31 268
Jaarnota Integratiebeleid 2007–2011

nr. 10
BRIEF VAN DE MINISTER VOOR WONEN, WIJKEN EN INTEGRATIE

Aan de Voorzitter van de Tweede Kamer der Staten-Generaal

Den Haag, 6 november 2008

Hierbij bied ik u het Jaarrapport Integratie 2008 aan1. Het jaarrapport is in mijn opdracht opgesteld door het Centraal Bureau voor de Statistiek. Het rapport geeft een overzicht van de stand en de ontwikkeling van de integratie van niet-westerse migranten in de Nederlandse samenleving op basis van de meest actuele gegevens.

In deze aanbiedingsbrief geef ik aan wat naar mijn oordeel de belangrijkste bevindingen zijn van het Jaarrapport 2008.

Het Jaarrapport Integratie 2008 laat zien dat er op belangrijke terreinen van de integratie vooruitgang is. Zo is de werkloosheid onder niet-westerse migranten de afgelopen twee jaar scherp gedaald: van 16 procent in 2005 naar 10 procent in 2007. Onder jongeren is de daling van de werkloosheid zo mogelijk nog sprekender: van 27 procent naar 15 procent. De daling van de werkloosheid onder migranten is groter geweest dan onder de autochtone bevolking en daardoor is het verschil tussen migranten en autochtonen kleiner geworden.

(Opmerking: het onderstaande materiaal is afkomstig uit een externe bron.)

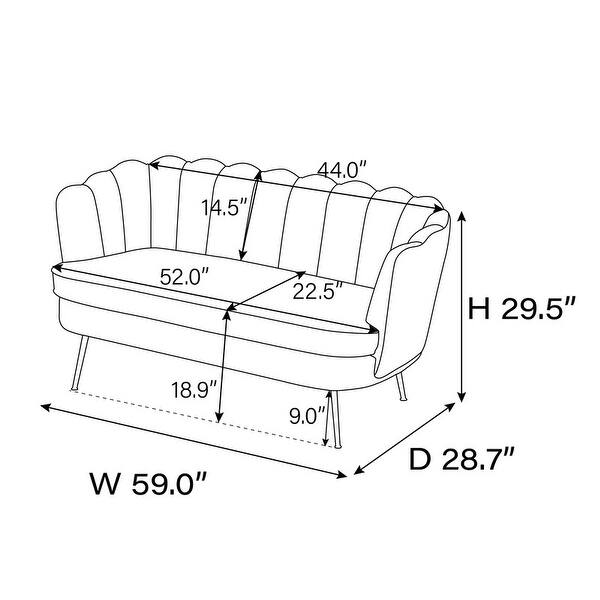 Modern TwoSeater Sofa, Gold Metal Legs with Adjustable Glides, Boucle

Minstens zo belangrijk is dat de verbetering van de schoolprestaties en schoolloopbanen van niet-westerse leerlingen verder doorzet. Het verschil in prestaties aan het einde van het basisonderwijs wordt kleiner en meer niet-westerse leerlingen dringen door tot de hoogste niveaus van ons onderwijs. Vooral dit laatste is verheugend omdat deze hoogopgeleide niet-westerse jongeren kunnen bijdragen aan een verbetering van de beeldvorming over migranten in ons land.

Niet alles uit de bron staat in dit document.